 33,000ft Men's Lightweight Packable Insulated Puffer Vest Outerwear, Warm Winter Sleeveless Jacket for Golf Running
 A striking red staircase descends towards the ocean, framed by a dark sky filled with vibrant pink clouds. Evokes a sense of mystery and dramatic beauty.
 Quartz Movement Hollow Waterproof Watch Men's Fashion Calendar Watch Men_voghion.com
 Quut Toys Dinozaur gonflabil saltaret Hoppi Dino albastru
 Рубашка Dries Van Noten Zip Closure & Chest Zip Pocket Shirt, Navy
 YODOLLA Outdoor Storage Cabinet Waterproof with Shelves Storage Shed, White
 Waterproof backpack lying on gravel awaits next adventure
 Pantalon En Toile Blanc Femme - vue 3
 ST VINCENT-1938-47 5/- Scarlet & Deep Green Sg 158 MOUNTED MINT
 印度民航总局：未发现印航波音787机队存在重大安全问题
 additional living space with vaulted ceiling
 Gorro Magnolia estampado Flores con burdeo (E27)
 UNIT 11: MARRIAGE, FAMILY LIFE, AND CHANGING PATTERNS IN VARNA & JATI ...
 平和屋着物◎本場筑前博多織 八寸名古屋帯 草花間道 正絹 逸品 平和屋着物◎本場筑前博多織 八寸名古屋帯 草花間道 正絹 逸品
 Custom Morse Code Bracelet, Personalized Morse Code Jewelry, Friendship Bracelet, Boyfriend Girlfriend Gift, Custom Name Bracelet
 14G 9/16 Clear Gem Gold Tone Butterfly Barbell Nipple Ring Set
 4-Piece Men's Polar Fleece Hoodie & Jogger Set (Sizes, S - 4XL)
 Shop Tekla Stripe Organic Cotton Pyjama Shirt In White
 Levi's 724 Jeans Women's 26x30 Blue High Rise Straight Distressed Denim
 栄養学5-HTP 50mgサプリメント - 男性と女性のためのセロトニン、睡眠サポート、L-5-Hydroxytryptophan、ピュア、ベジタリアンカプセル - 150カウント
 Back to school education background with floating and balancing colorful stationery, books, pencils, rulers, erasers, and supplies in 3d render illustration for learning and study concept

* _GOAL OF THE EXERCISE_:
Restate every record above, exactly, in full.

* _EXERCISE SOLUTION_:
 33,000ft Men's Lightweight Packable Insulated Puffer Vest Outerwear, Warm Winter Sleeveless Jacket for Golf Running
 A striking red staircase descends towards the ocean, framed by a dark sky filled with vibrant pink clouds. Evokes a sense of mystery and dramatic beauty.
 Quartz Movement Hollow Waterproof Watch Men's Fashion Calendar Watch Men_voghion.com
 Quut Toys Dinozaur gonflabil saltaret Hoppi Dino albastru
 Рубашка Dries Van Noten Zip Closure & Chest Zip Pocket Shirt, Navy
 YODOLLA Outdoor Storage Cabinet Waterproof with Shelves Storage Shed, White
 Waterproof backpack lying on gravel awaits next adventure
 Pantalon En Toile Blanc Femme - vue 3
 ST VINCENT-1938-47 5/- Scarlet & Deep Green Sg 158 MOUNTED MINT
 印度民航总局：未发现印航波音787机队存在重大安全问题
 additional living space with vaulted ceiling
 Gorro Magnolia estampado Flores con burdeo (E27)
 UNIT 11: MARRIAGE, FAMILY LIFE, AND CHANGING PATTERNS IN VARNA & JATI ...
 平和屋着物◎本場筑前博多織 八寸名古屋帯 草花間道 正絹 逸品 平和屋着物◎本場筑前博多織 八寸名古屋帯 草花間道 正絹 逸品
 Custom Morse Code Bracelet, Personalized Morse Code Jewelry, Friendship Bracelet, Boyfriend Girlfriend Gift, Custom Name Bracelet
 14G 9/16 Clear Gem Gold Tone Butterfly Barbell Nipple Ring Set
 4-Piece Men's Polar Fleece Hoodie & Jogger Set (Sizes, S - 4XL)
 Shop Tekla Stripe Organic Cotton Pyjama Shirt In White
 Levi's 724 Jeans Women's 26x30 Blue High Rise Straight Distressed Denim
 栄養学5-HTP 50mgサプリメント - 男性と女性のためのセロトニン、睡眠サポート、L-5-Hydroxytryptophan、ピュア、ベジタリアンカプセル - 150カウント
 Back to school education background with floating and balancing colorful stationery, books, pencils, rulers, erasers, and supplies in 3d render illustration for learning and study concept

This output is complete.